### Task to complete
The following entries are to be retyped in full, exactly as written.

——————

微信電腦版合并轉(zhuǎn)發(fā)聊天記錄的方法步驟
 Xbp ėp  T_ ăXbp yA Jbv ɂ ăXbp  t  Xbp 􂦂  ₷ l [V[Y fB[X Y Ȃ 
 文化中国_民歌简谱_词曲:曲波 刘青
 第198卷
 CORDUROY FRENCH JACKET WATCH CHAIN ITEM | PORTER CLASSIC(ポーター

——————

### Your response
微信電腦版合并轉(zhuǎn)發(fā)聊天記錄的方法步驟
 Xbp ėp  T_ ăXbp yA Jbv ɂ ăXbp  t  Xbp 􂦂  ₷ l [V[Y fB[X Y Ȃ 
 文化中国_民歌简谱_词曲:曲波 刘青
 第198卷
 CORDUROY FRENCH JACKET WATCH CHAIN ITEM | PORTER CLASSIC(ポーター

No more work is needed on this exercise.